WHAT THIS TASK INVOLVES
Once you find the line containing "Joey Thacker Email & Phone Number" in the data below, copy it and each following line exactly, up to and including the line containing "Nike Air Max Dn Cof 45", and nothing else.

Data items
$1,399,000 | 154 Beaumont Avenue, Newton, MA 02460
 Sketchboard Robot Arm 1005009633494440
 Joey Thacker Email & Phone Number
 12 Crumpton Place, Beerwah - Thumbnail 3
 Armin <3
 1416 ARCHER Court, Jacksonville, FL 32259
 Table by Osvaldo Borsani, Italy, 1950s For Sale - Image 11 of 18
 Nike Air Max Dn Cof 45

...

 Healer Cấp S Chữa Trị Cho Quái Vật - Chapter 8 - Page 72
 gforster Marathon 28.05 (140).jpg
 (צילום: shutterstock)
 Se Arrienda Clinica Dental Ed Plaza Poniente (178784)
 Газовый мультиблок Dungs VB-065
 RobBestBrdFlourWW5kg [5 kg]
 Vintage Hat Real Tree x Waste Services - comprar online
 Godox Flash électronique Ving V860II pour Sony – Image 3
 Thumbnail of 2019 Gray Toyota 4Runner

---

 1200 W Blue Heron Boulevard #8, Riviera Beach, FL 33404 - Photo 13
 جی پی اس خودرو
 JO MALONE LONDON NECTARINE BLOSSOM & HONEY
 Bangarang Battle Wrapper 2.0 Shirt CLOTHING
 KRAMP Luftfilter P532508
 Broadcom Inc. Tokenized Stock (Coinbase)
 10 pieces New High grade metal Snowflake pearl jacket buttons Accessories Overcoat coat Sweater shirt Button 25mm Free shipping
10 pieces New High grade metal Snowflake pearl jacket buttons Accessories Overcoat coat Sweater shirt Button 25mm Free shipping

OUTPUT
 Joey Thacker Email & Phone Number
 12 Crumpton Place, Beerwah - Thumbnail 3
 Armin <3
 1416 ARCHER Court, Jacksonville, FL 32259
 Table by Osvaldo Borsani, Italy, 1950s For Sale - Image 11 of 18
 Nike Air Max Dn Cof 45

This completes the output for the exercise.